This week’s new releases in cinema consist of some big hitters from Hollywood and surprisingly most of these actors are British in the forms of Maggie Smith, Michael Fassbender and Kate Winslet, oh and let’s throw in the Australian Russell Crowe. Thankfully, none of this week’s films are a disappointment.

Fathers and Daughters

Fathers and Daughters is a love story between a father and daughter living in New York City. The story moves back and forth between the 1980’s where Jake Davis (Russell Crowe), a Pulitzer-winning novelist and widower, struggles with mental illness as he tries to raise his 5-year old daughter, Katie (Amanda Seyfried), and 30-year-old Katie’s life in present-day Manhattan where she battles the demons that stem from her troubled childhood.

This is a heartfelt story, but the love interest between Amanda Seyfried and Aaron Paul may leave you feeling a little cold.  Fathers and Daughters is a sentimental journey that will have you reaching for the tissues.

The Lady in the Van

Lady in the Van tells the true story of the relationship between Alan Bennett (Alex Jennings) and the singular Miss Shepherd (Maggie Smith), a woman of uncertain origins who ‘temporarily’ parked her van in Bennett’s London driveway and proceeded to live there for 15 years.

Lady in the Van is just a perfect little film full of humour and touching moments that will have you reaching for the tissues (thankfully towards the end).
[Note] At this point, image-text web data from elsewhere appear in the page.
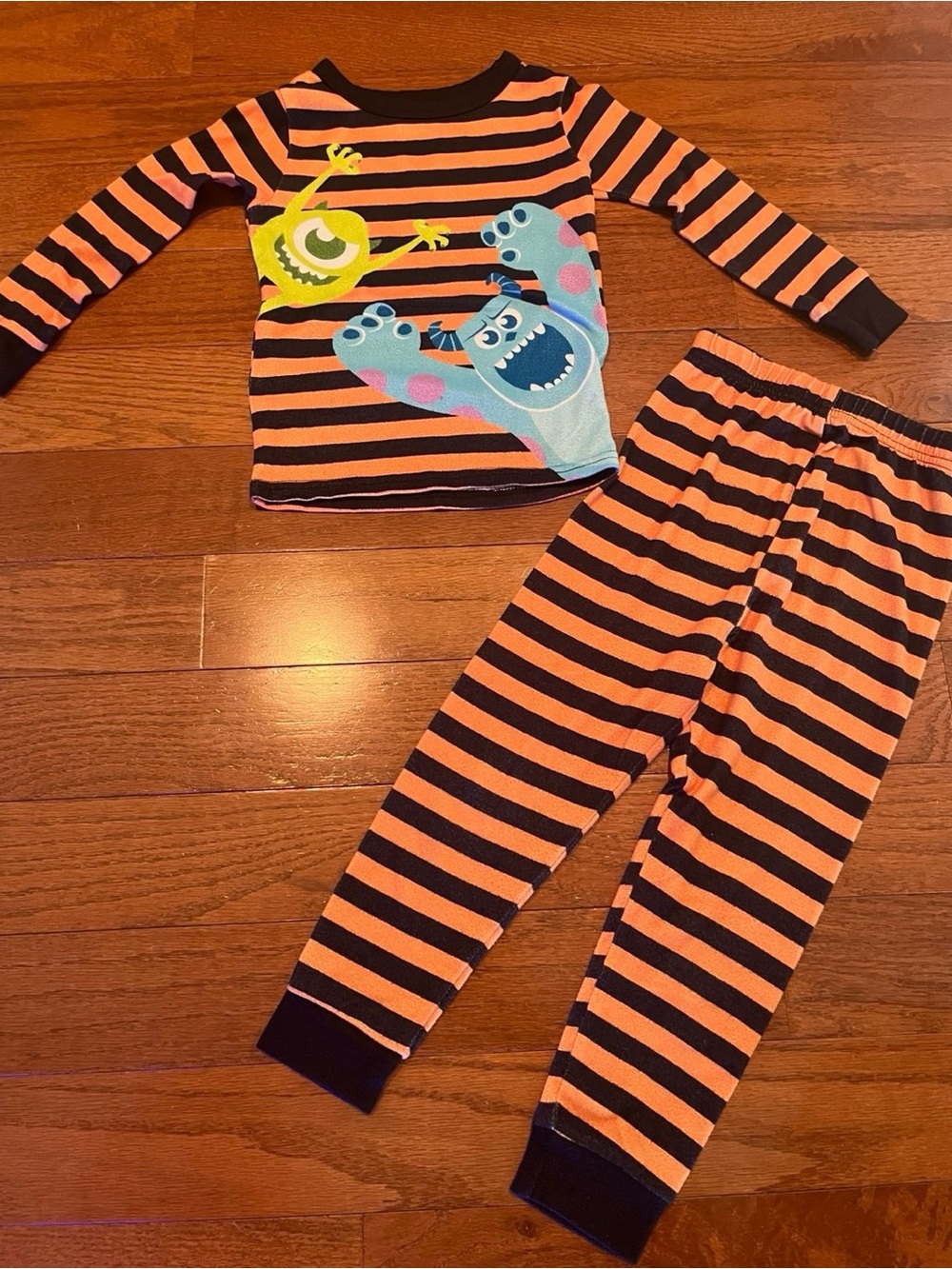 Girls 5T Monsters Inc Halloween Pajamas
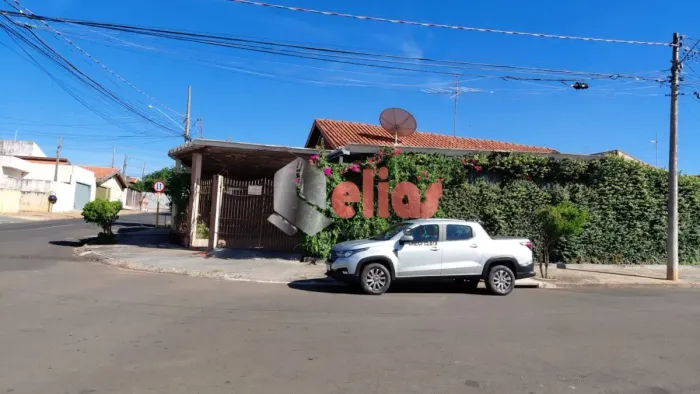 Casa para venda com 2 quartos em Parque Vista Alegre, Bauru - SP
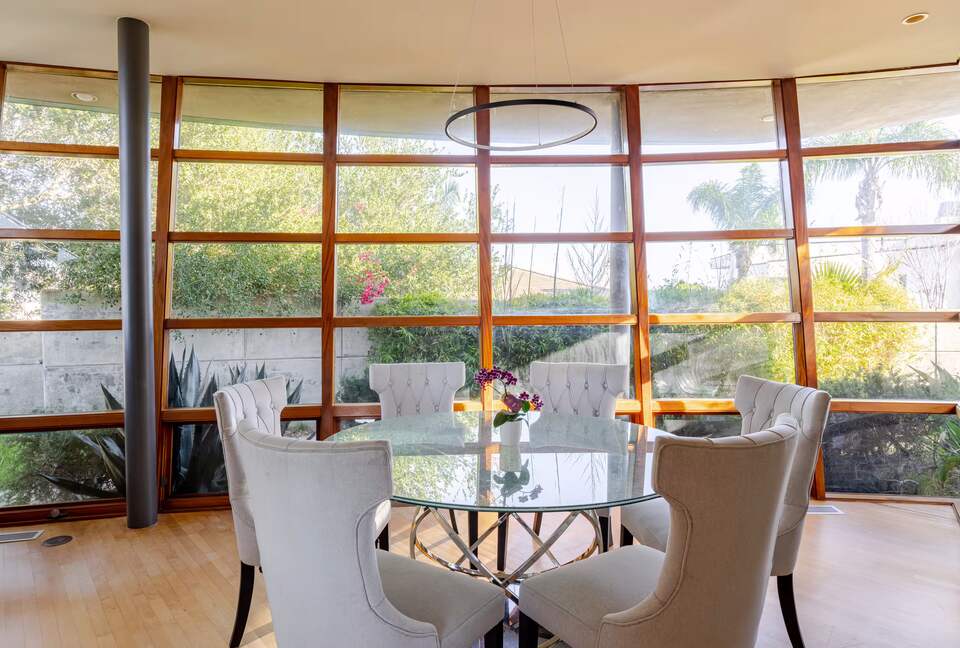 Award-Winning Contemporary Home in the Hills of Laguna Beach - Laguna Beach, California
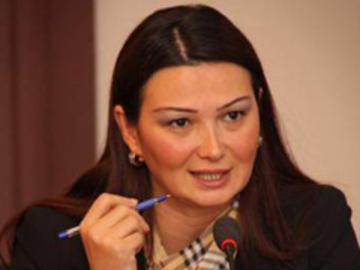 Qənirə Paşayeva gənc ailələrin mənzil probleminin həllinə çağırıb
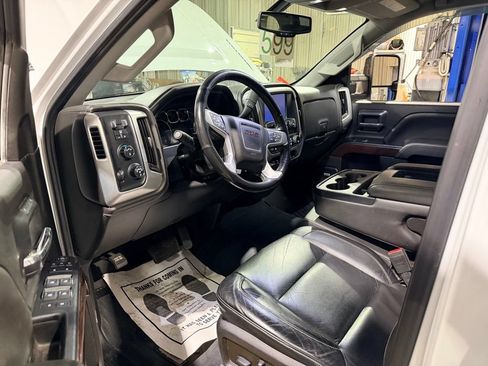 Used 2019 GMC Sierra 2500 SLT w/ Duramax Plus Package AWD/4WD image 6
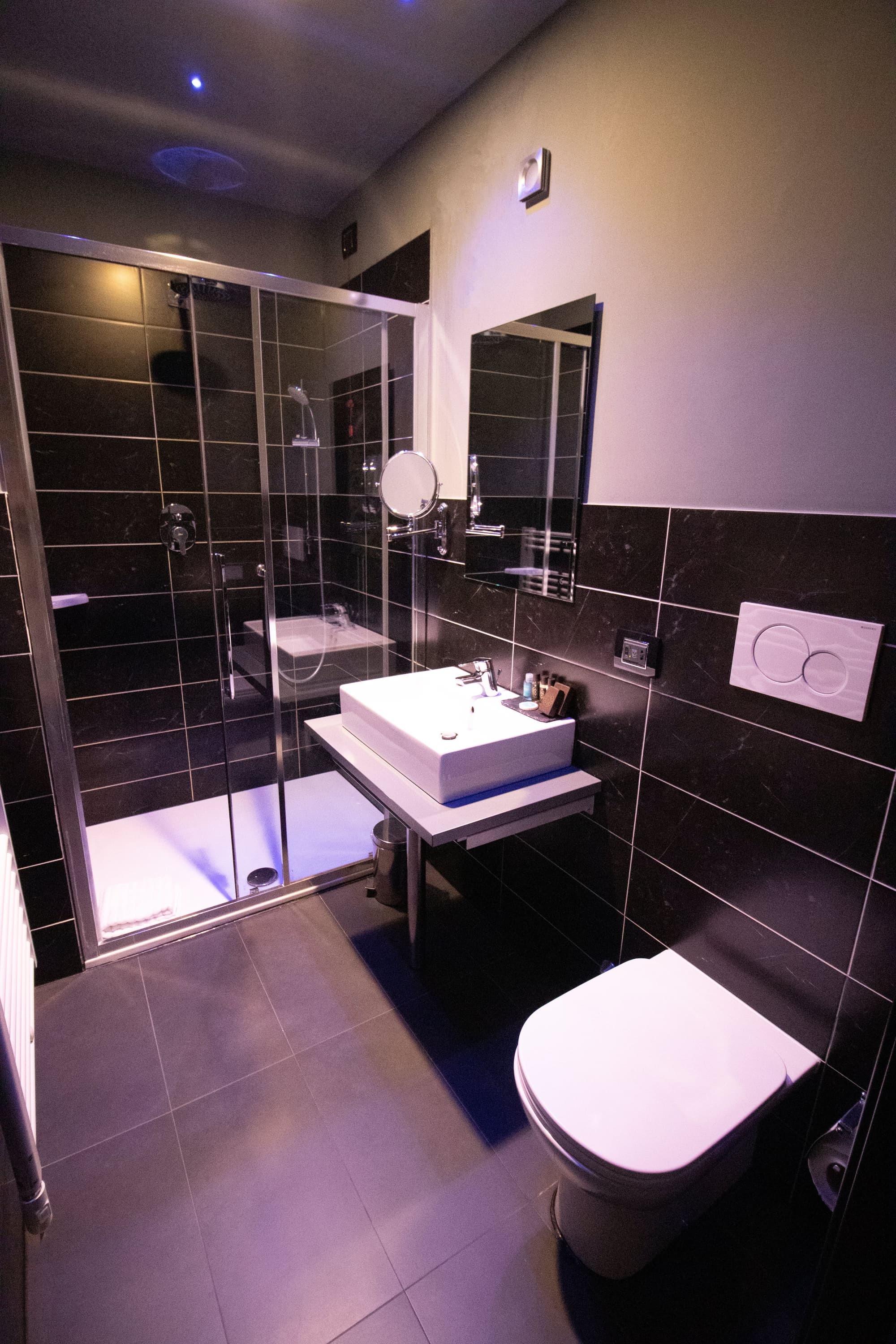 The Bryson Hotel, Room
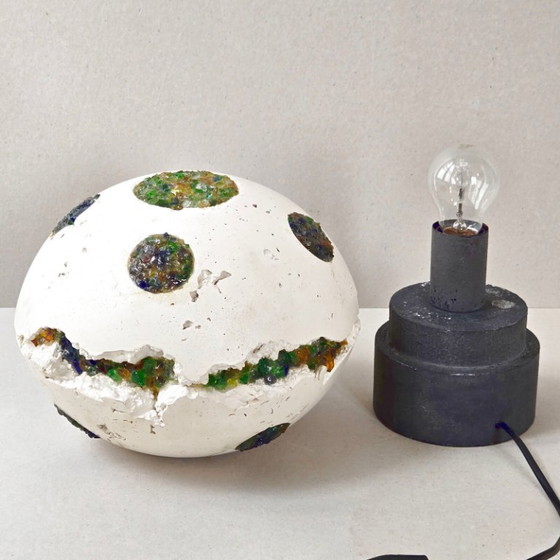 Image 1 of Vintage tafellamp uit de jaren 70 in de stijl van een ruimteschip met UFO's en planeten, gemaakt van gips en glas.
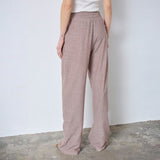 Model i brune nålestribede wide leg bukser, set bagfra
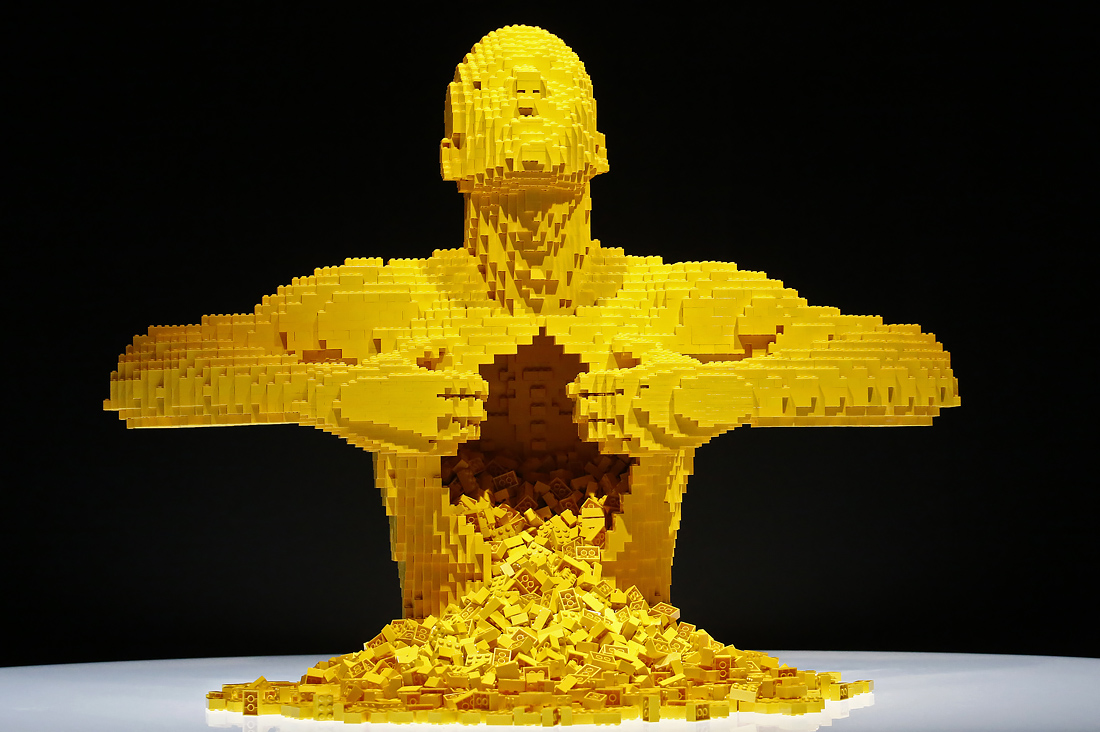 Скульптура из Lego "Yellow" в музее Далласа, США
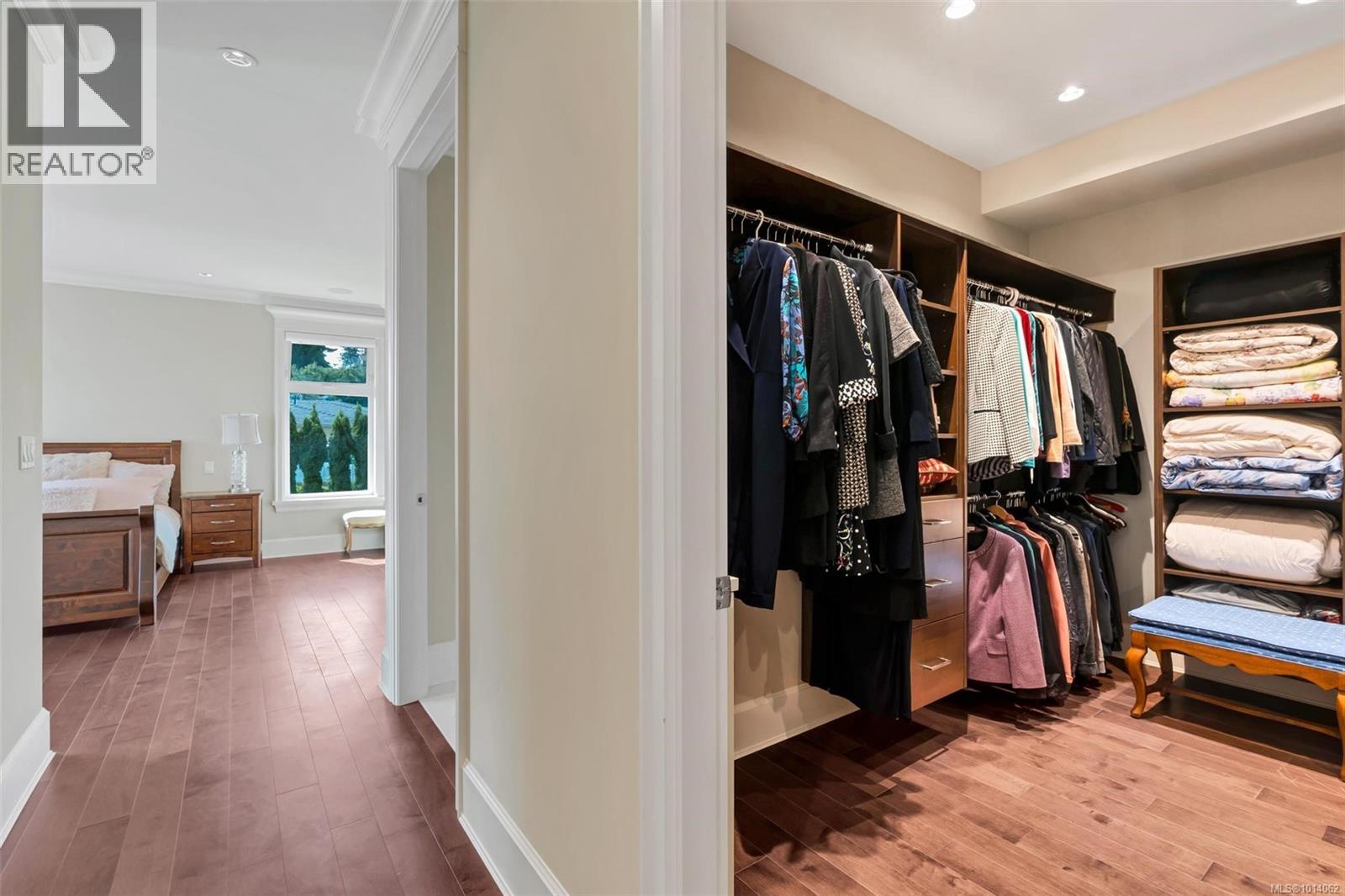 5058 Catalina Terr, Saanich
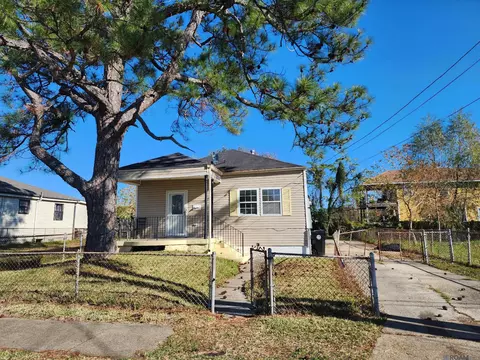 2021 Piety St, New Orleans, LA 70117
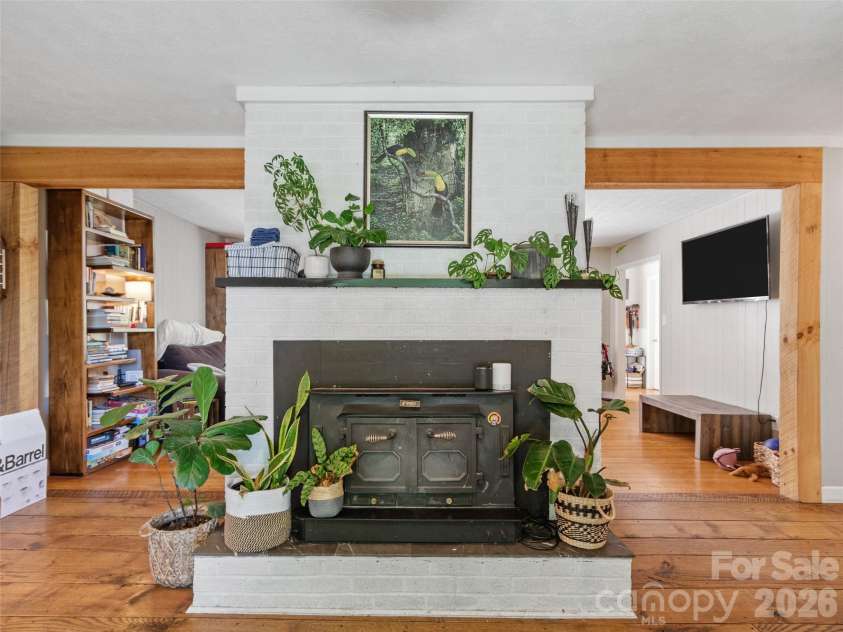 38 Crowell Road, Asheville, NC 28806.  MLS# CAR4415975, YatesRealty ID 45965. 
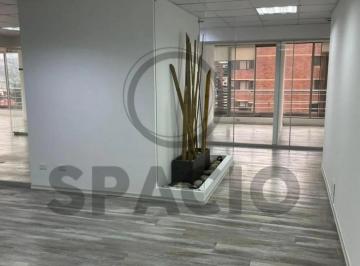 Oficina comercial · 180m² · 3 Estacionamientos · Vendo Oficina, 180 m², Remodelada, Av 12 de Octubre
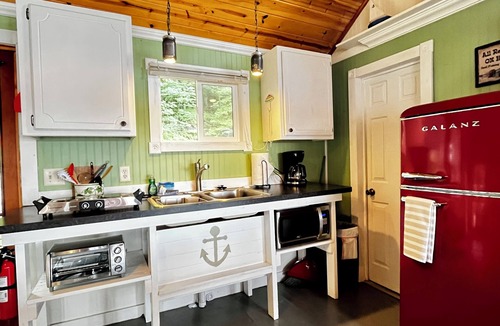 South Haven Cabin | Lakefront Cabin w/Dock & Kayaks, Perfect Summer Stay Northwood Creek - Cabin 7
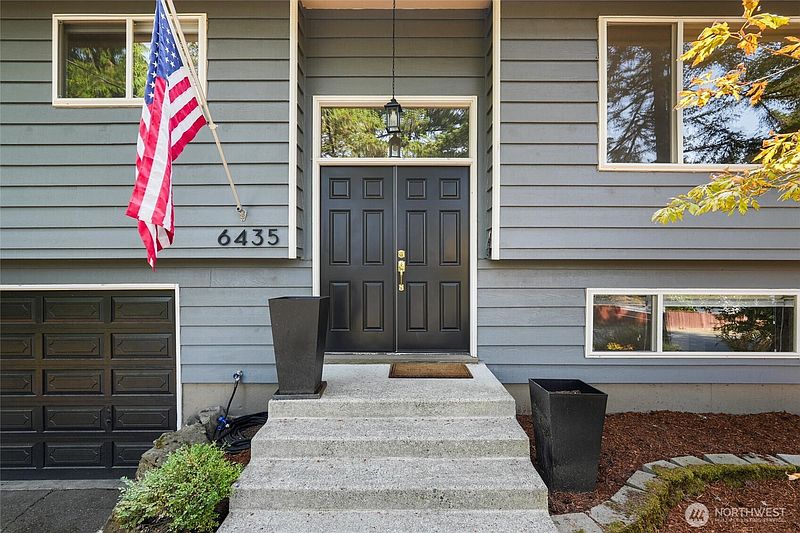 4th image of 6435 NE 198th Street
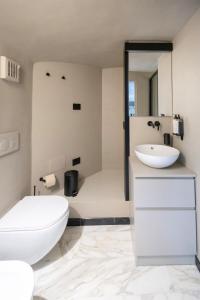 ein Badezimmer mit einer weißen Toilette und einem Waschbecken in der Unterkunft The Gateway Suite, Porta Nuova Station, Turin in Turin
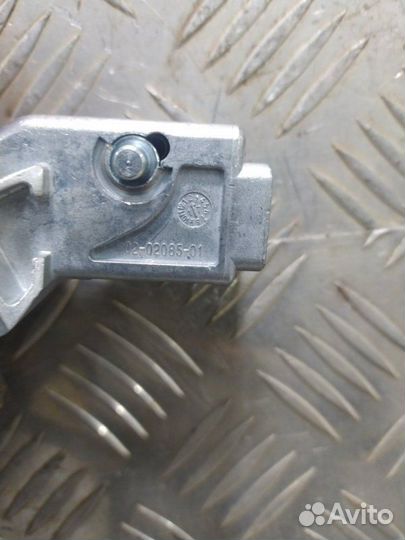 Замок зажигания Renault Clio 2008-2016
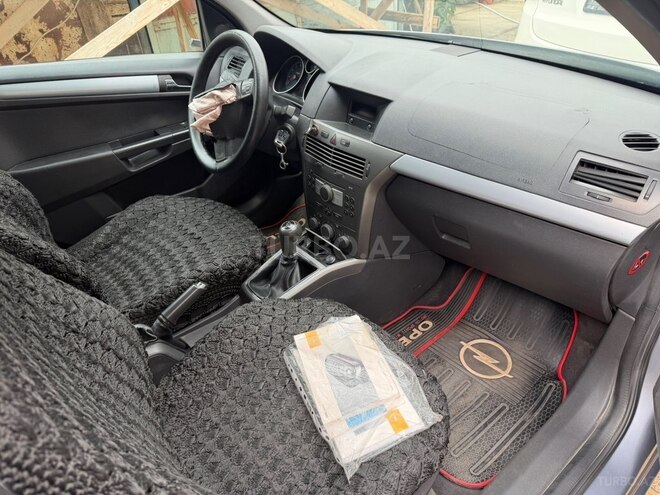 Opel Astra 2005, 234,000 km - 1.4 л - Bakı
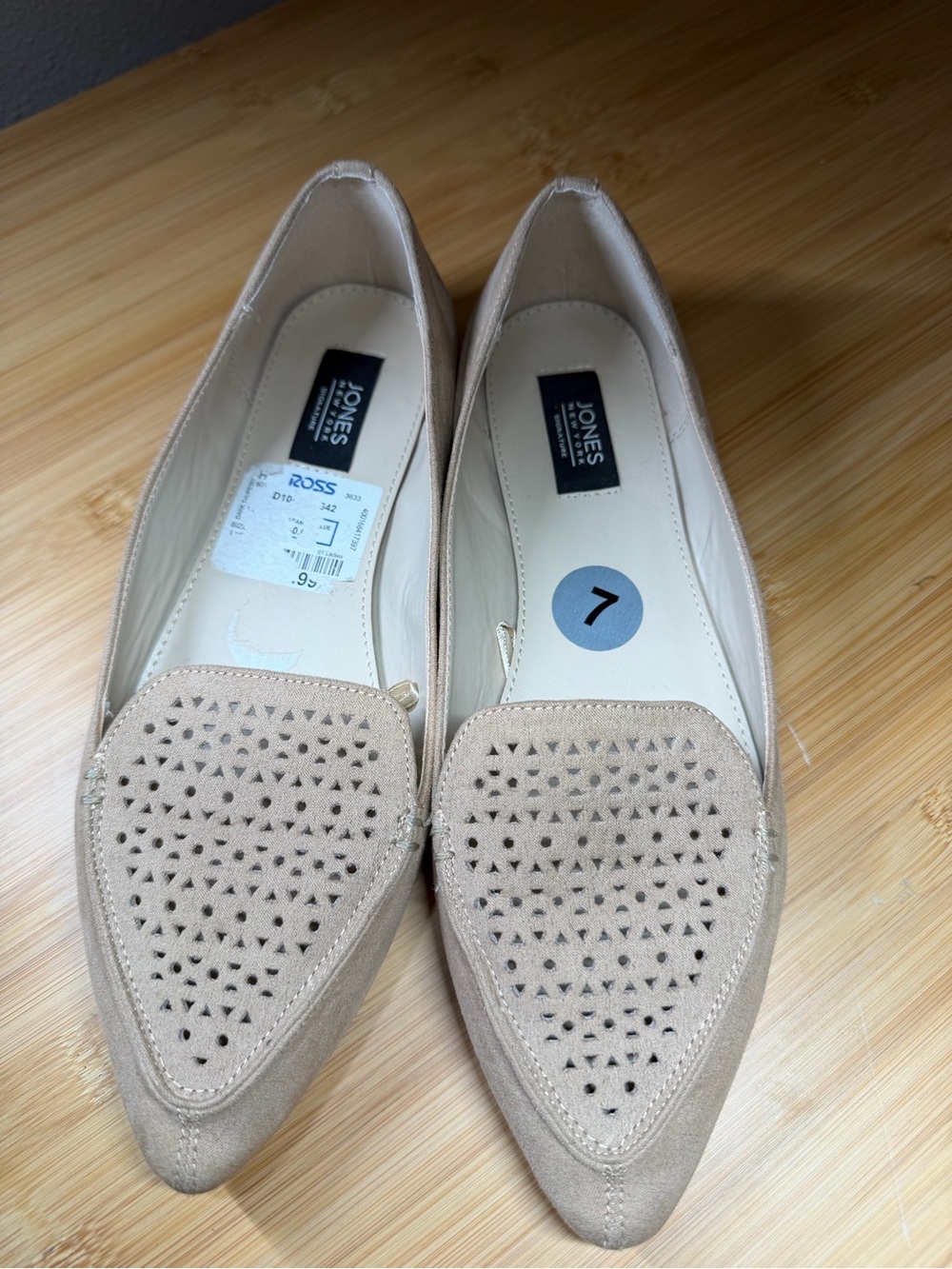 Jones New York Signature Samantha Nude Pointed-Toe Perforated Loafers Size 7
Most of all The Lady in the Van is Quintessentially English.

For the full review click here.

Steve Jobs

Starring Michael Fassbender as Jobs and a host of phenomenal actors, Steve Jobs is set backstage at three iconic product launches and ending in 1998 with the unveiling of the iMac, Steve Jobs takes us behind the scenes of the digital revolution to paint an intimate portrait of the brilliant man at its epicentre.

Like the Social Network brought a human touch to the somewhat cold world of technology, Danny Boyle has made a cinematically enticing, warm-blooded story of determination and fatherly love that will keep you thinking long after you’ve left the cinema.